▶ _Recorded data_

━━━

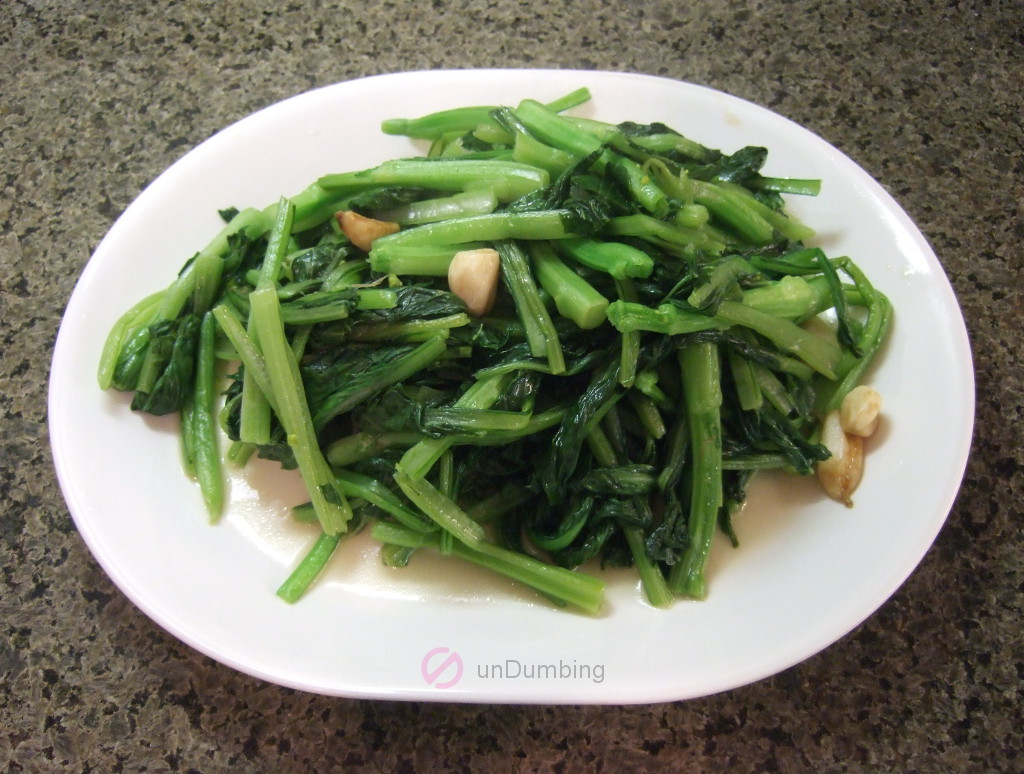 Yu Choy stir-fry on a white plate (Try 2)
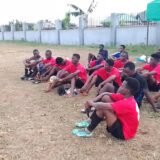Young athletes listening to coach during training at Osaro Intl Sports Academy.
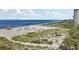Beach volleyball court and ocean view; people relaxing on the beach at 608 Armada S Rd, Venice, FL 34285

━━━

▶ _Task item_
Set down the material word for word, and drop every picture from it.

▶ _Response below_
 Yu Choy stir-fry on a white plate (Try 2)
Young athletes listening to coach during training at Osaro Intl Sports Academy.
Beach volleyball court and ocean view; people relaxing on the beach at 608 Armada S Rd, Venice, FL 34285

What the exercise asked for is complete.